The road turns left again towards Raireshwar – Kenjalgad and off-road action begins. It’s fun navigating through rocks, ruts and sand as you climb up the mountain. I wanted to check out the Kenjalgad road too, but work was going on and it was closed, so I turned back towards Raireshwar.

The road improves and becomes an awesome twisty tar section right until you reach the last climb of Raireshwar. This last section is a proper off-road climb but you sort of deflate seeing locals do the same stuff on lesser bikes like Spendours and Platinas. But its fun nevertheless. There is a parking area at the base of the hill. I parked, stuffed my gear into my bag and trekked up.

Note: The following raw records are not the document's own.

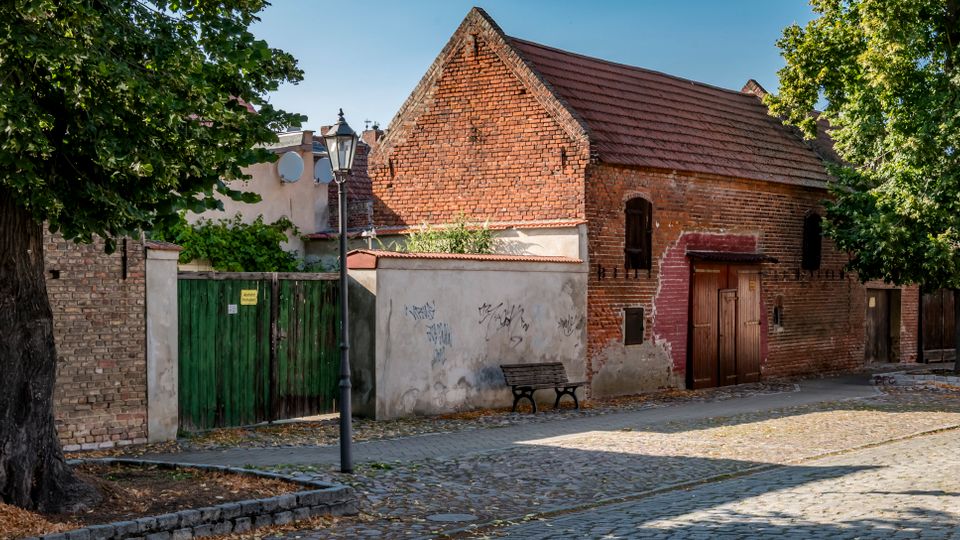 Kopfsteingepflasterte Straße in einem historischen Viertel mit einem niedrigen Backsteingebäude mit Satteldach, Holztür und kleinen Fenstern. Am Straßenrand stehen große Bäume, eine Laterne, eine Bank sowie eine grüne Holztorwand und angrenzende gemauerte Fassaden.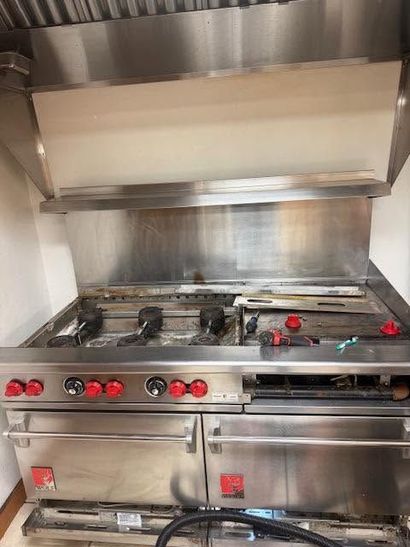 Commercial stainless-steel gas stovetop with six burners and a large hood in a kitchen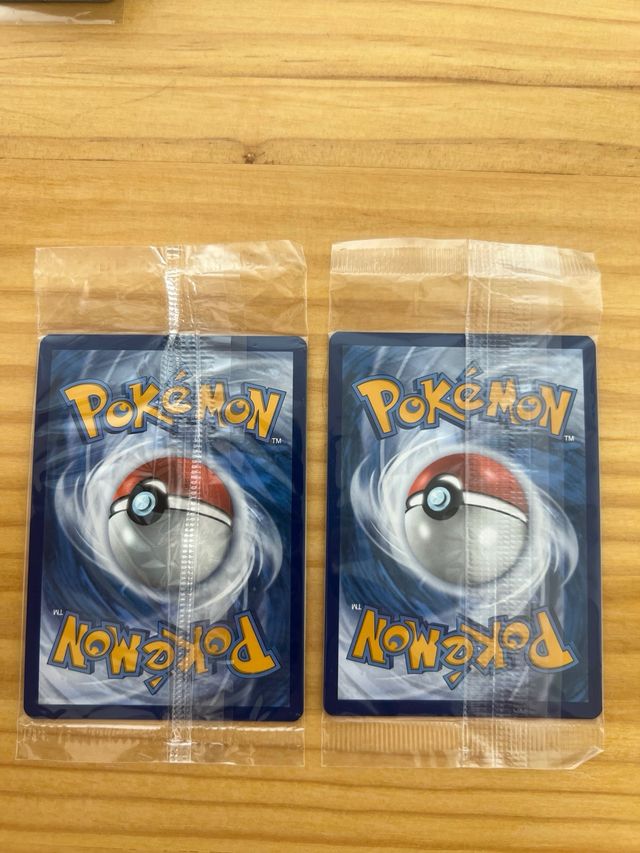Carte sigillate promozionali Pokemon Ogerpon e Pecharunt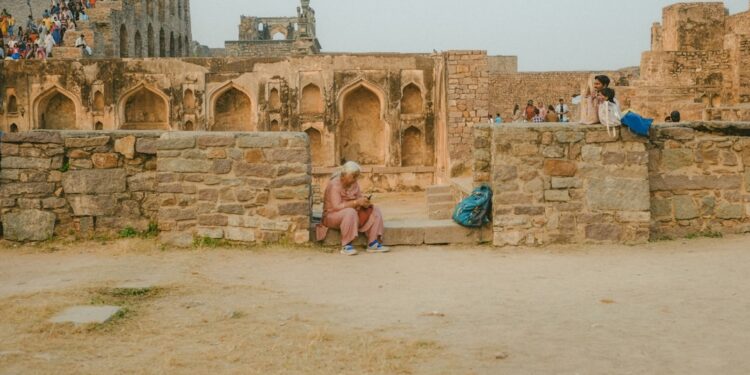 A solo female traveler stands inside the stone gateway of one of the lesser-known Deccan forts in Karnataka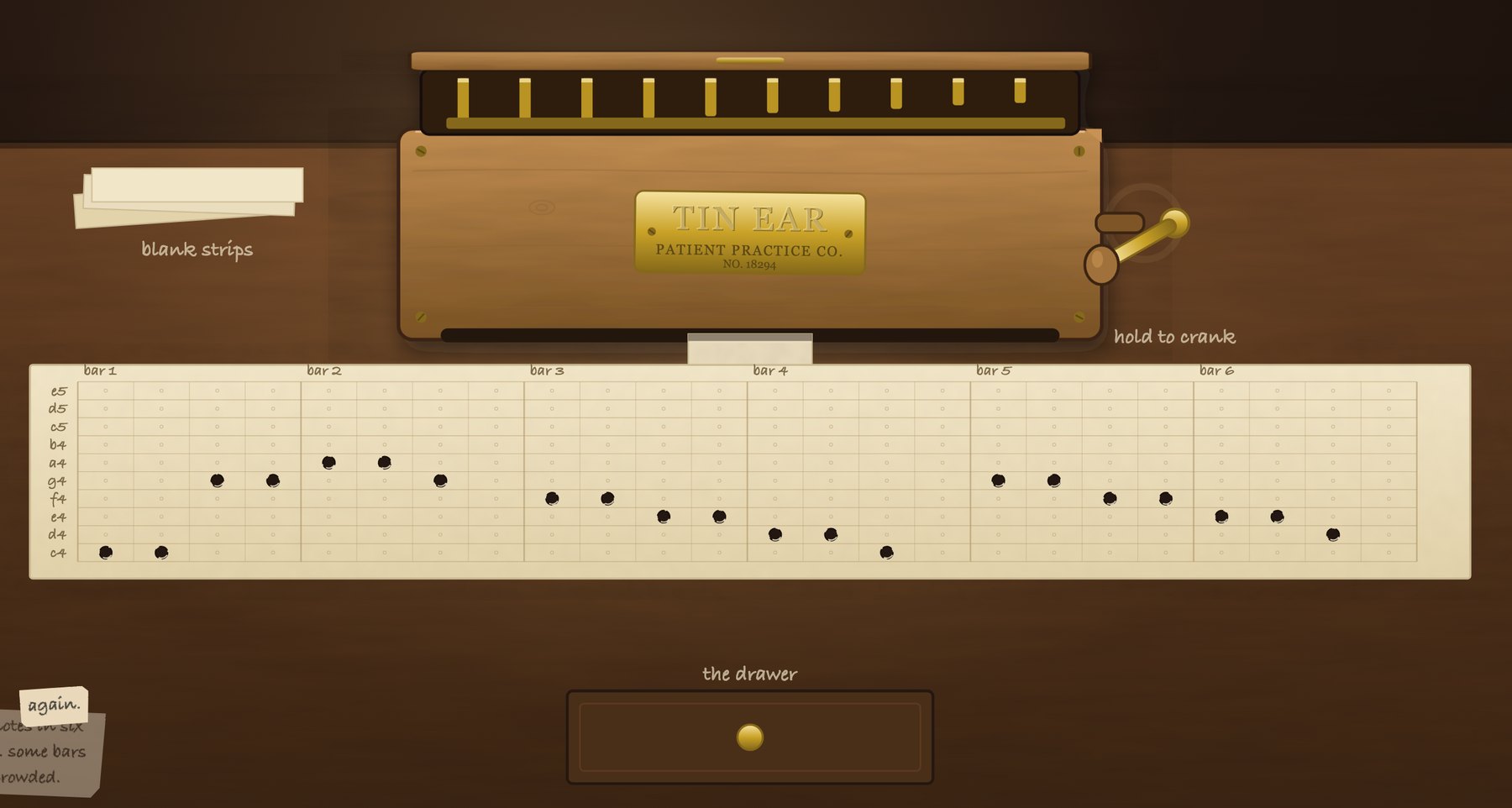 The Tin Ear music box with its lid open, ten brass tines above a punched paper strip, and a pencil note reading &lsquo;again.&rsquo;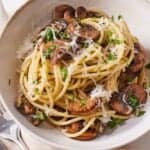 Pinterest graphic of a bowl of garlic mushroom pasta with parmesan and parsley on top.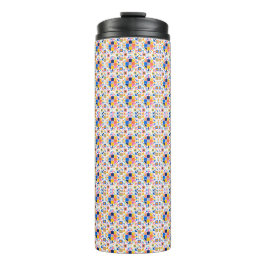 Tall travel mug with a vibrant, geometric pattern  thermosbecher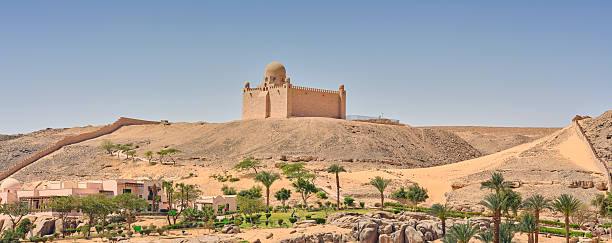An architectural marvel from Egypt atop a desert hill with a lush Nile River view. Nearby palm trees and greenery reflect the unique harmony of desert and river landscapes surrounding the ancient structure.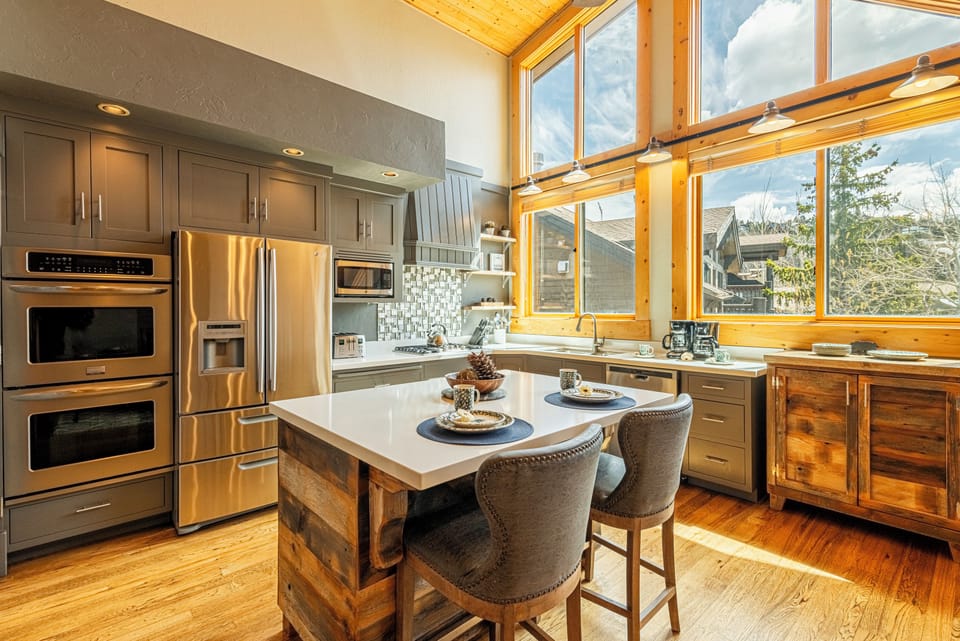 Fully equipped kitchen and stainless steel appliances, including a wine fridge
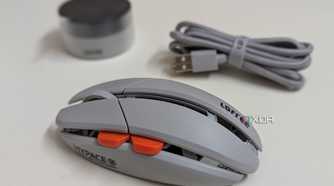 Side view of a gaming mouse with a wireless dongle and USB cable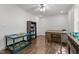 Versatile room with desk and storage, offering an ideal space for work or study with ample natural light at 626 Bailey Rd, Coats, NC 27521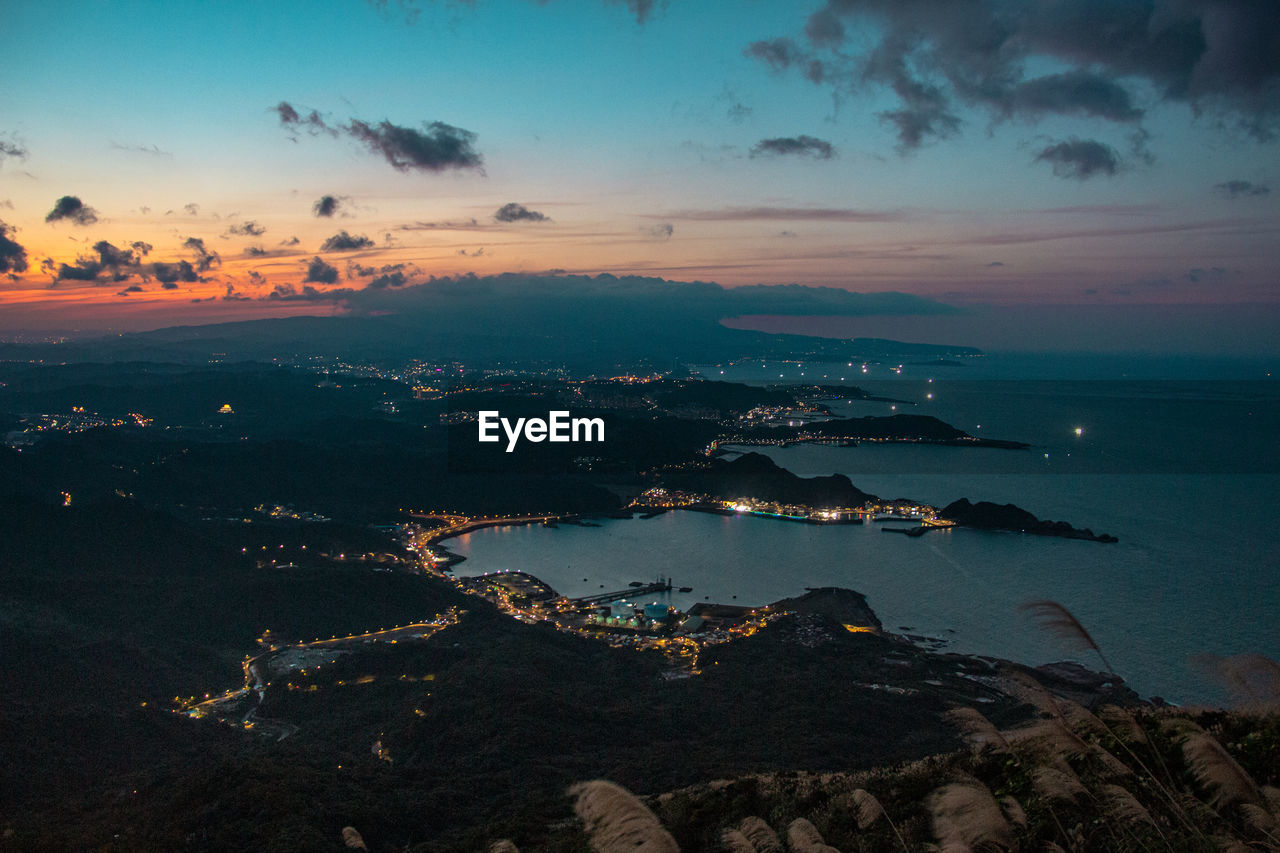 High angle view of sea and cityscape against sky during sunset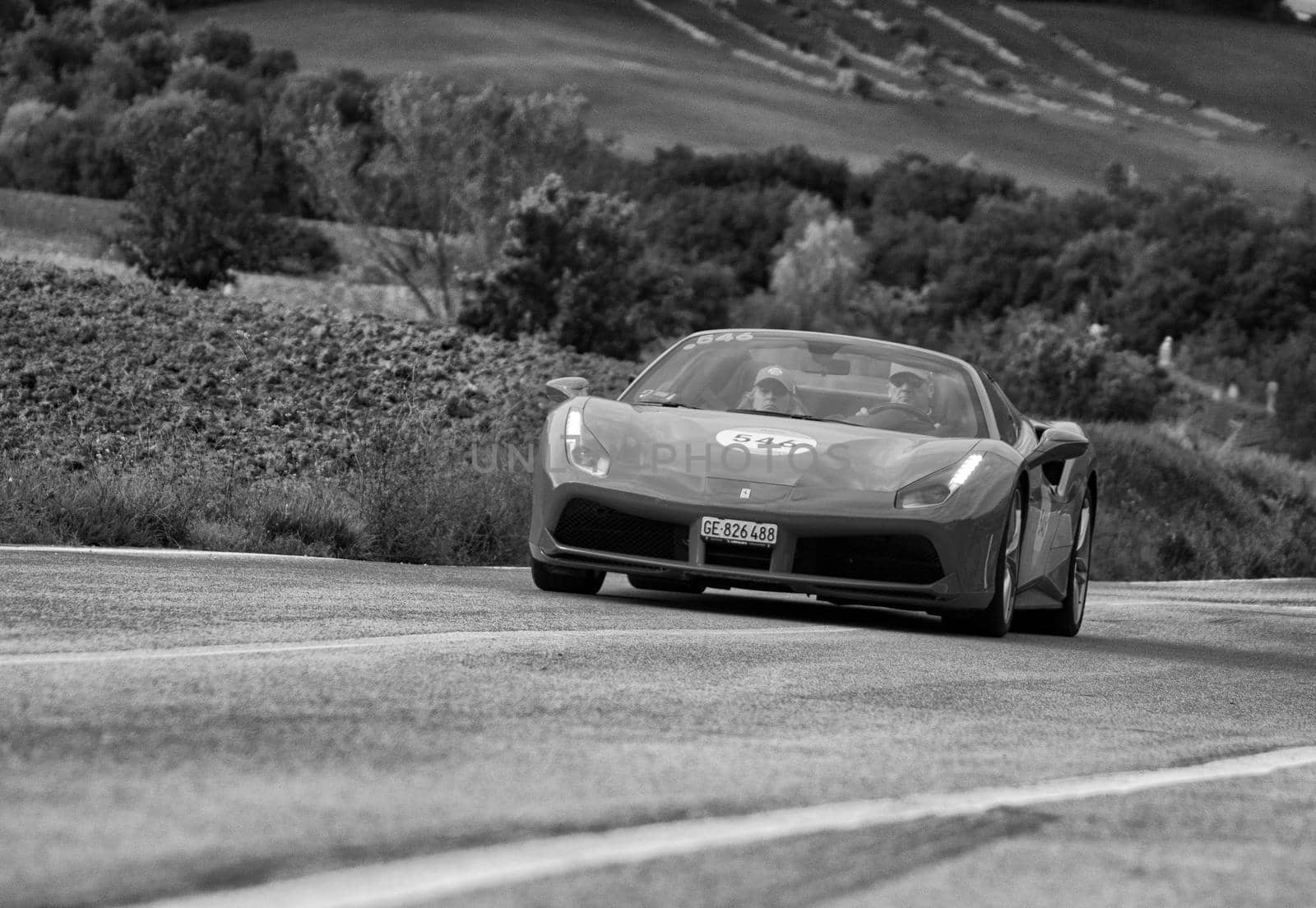 CAGLI , ITALY - OTT 24 - 2020 : FERRARI 488 SPIDER on an old racing car in rally Mille Miglia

The view as you climb up is superb. Valleys on both sides of the mountain look fantastic. A local told me the mountain beyond the valley on the right is Mahabaleshwar, which is quite cool. I’ve always wondered whenever I have been to Mahabaleshwar, what’s on the other side of the valley and turns out, I was there, exactly. Of course all the locals, who are all sort of one family, the Jangams, have houses where they arrange food and accommodation for visitors. So anyone you meet will chat you up but they are always very nice. There are a lot of hikes and a lot of things to see on the mountain. Many trekkers camp here too. I can only imagine how beautiful it will be in the rains.

I visited the main square, where the temple is and then went to one of the houses for some tea. Time to turn back. I trekked back down to the parking area, put on my gear and began my return journey.

View While Trekking Up

Breathtaking View

I turned right towards Dhom dam as I reached the main road. This road winds down the mountain via very small villages and joins another road at the base. Turning left here will take you directly to Wai but I decided to take the long way around the dam backwaters. The road varies between really well surfaced to rough but its a fun ride. It’s really far, though, and the road goes on and on as it winds around the water. But the landscape is beautiful and the water is bright blue and very pleasing. It’s surprising how clean the villages are in these remote areas and how nice the people are. Even during their local festivals, as was going on at the time, they always make way for passerbys, unlike closer to the city, where it’s a pain to deal with. Very scarce population might have something to do with it.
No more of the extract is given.